I have 2 Silver Laced Wyandotte, 2 RIRs, 2 Speckled Sussex, 1 oriental crested & 4 production reds. They're all about 16 weeks old. At what age can I expect to see them begin to lay? Also, we live in the southernmost part of Texas, so winter is short & mild.


----------



## kaax (Nov 21, 2012)

That's a tough question. Depends on their condition and breed. They could start laying just about any day now, although 16 weeks is a little early. This time of year could delay them because of the lack of daylight. So i guess the easy answer would be anytime between tomorrow and April.  
But I'll hazard a guess, and say in my experience sometime between 10-12 weeks from now.

Kaax


----------



## 7chicks (Jun 29, 2012)

My RIR were about 6 months old when they started laying.


----------



## rob (Jun 20, 2012)

mine where about 26 weeks old, and my silkie still hasnt started laying and shes about 38 weeks old


----------



## eqstrnathlete (Dec 9, 2012)

Hens need at least 15 hours of daylight to lay.
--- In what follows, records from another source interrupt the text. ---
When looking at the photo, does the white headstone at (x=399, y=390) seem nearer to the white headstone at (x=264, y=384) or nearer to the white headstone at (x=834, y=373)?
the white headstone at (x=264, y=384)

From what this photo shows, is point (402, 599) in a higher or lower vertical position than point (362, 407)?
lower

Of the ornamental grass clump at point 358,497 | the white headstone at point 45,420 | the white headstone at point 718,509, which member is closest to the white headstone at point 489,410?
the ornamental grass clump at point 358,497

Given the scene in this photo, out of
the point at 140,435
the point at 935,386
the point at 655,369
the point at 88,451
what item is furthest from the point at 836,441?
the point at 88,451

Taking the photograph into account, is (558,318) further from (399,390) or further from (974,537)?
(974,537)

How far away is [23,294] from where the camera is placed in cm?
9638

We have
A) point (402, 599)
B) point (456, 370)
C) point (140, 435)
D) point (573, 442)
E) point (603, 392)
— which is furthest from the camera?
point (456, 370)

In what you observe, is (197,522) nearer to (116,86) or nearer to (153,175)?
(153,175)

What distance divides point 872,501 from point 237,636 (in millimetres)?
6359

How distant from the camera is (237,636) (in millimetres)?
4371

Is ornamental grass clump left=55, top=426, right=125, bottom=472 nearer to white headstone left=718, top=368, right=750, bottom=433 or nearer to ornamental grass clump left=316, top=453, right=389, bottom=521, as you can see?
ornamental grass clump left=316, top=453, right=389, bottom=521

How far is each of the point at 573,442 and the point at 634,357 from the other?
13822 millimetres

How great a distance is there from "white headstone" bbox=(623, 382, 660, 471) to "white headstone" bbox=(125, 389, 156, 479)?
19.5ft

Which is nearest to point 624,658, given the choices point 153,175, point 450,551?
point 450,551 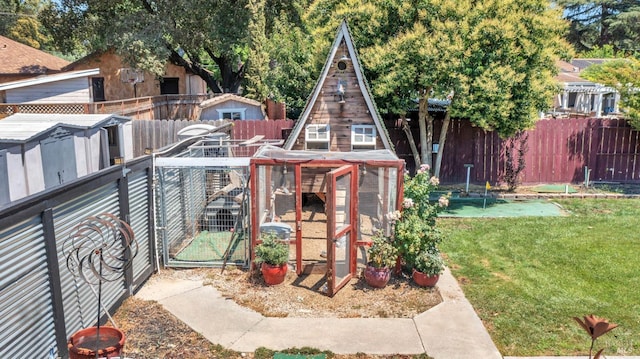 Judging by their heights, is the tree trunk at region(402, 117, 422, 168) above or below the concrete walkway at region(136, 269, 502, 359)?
above

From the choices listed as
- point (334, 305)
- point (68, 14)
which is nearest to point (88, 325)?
point (334, 305)

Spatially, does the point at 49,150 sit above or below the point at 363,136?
below

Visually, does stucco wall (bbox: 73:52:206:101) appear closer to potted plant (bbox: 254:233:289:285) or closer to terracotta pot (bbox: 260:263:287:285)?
potted plant (bbox: 254:233:289:285)

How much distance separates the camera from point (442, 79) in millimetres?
11906

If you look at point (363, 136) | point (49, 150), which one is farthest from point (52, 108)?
point (363, 136)

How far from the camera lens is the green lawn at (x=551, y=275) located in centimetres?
621

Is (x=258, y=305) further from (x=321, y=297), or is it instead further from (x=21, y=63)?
(x=21, y=63)

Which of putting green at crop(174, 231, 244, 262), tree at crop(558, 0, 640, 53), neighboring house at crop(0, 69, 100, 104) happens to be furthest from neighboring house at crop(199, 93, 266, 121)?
tree at crop(558, 0, 640, 53)

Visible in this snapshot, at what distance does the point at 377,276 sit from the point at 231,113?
11.4 metres

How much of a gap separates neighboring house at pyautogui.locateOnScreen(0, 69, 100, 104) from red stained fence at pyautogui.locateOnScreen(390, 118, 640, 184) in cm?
1107

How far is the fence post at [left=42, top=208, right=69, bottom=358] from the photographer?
200 inches

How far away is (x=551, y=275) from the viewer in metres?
8.12

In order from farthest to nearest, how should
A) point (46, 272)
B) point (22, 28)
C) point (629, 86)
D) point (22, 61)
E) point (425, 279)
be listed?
point (22, 28)
point (22, 61)
point (629, 86)
point (425, 279)
point (46, 272)

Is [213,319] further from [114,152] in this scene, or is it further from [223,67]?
[223,67] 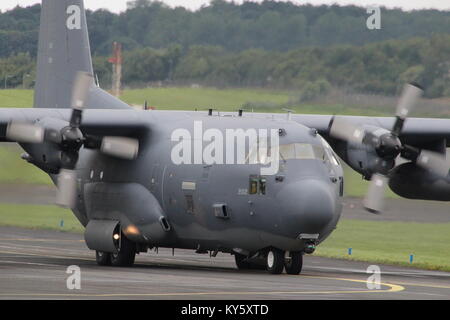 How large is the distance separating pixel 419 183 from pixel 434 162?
117 centimetres

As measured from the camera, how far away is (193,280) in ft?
68.8

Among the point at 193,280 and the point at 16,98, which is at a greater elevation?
the point at 16,98

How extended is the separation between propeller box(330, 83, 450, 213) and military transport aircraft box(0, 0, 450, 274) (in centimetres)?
3

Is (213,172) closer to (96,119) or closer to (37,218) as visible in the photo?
(96,119)

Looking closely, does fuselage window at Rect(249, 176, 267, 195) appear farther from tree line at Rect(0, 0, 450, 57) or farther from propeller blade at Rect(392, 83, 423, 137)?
tree line at Rect(0, 0, 450, 57)

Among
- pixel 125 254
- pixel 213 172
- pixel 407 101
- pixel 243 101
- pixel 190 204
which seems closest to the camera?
pixel 213 172

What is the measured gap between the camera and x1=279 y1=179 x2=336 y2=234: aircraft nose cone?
22.0m

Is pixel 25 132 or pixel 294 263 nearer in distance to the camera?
pixel 294 263

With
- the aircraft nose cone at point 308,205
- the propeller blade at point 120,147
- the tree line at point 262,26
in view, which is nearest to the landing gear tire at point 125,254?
the propeller blade at point 120,147

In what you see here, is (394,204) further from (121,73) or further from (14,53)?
(14,53)

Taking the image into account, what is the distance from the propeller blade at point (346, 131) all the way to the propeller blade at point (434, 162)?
157cm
I have a light on a timer in my coop that comes on at 3 am. All my girls, turkey and ducks included, are laying daily.


----------



## baskerboo (Dec 18, 2012)

kaax said:


> That's a tough question. Depends on their condition and breed. They could start laying just about any day now, although 16 weeks is a little early. This time of year could delay them because of the lack of daylight. So i guess the easy answer would be anytime between tomorrow and April.
> But I'll hazard a guess, and say in my experience sometime between 10-12 weeks from now.
> 
> Kaax


Kaxx,

You are right about the depends on the breeds thing. We had a red star, and they are expected to lay at about 22 weeks, and she laid at 15.5 weeks!!! She also laid 3 months straight without a break. She was a super chicken . Unfortunately, she was killed by a hawk two years ago. But she has never left the flock in my heart ( yes cheesy I know )


----------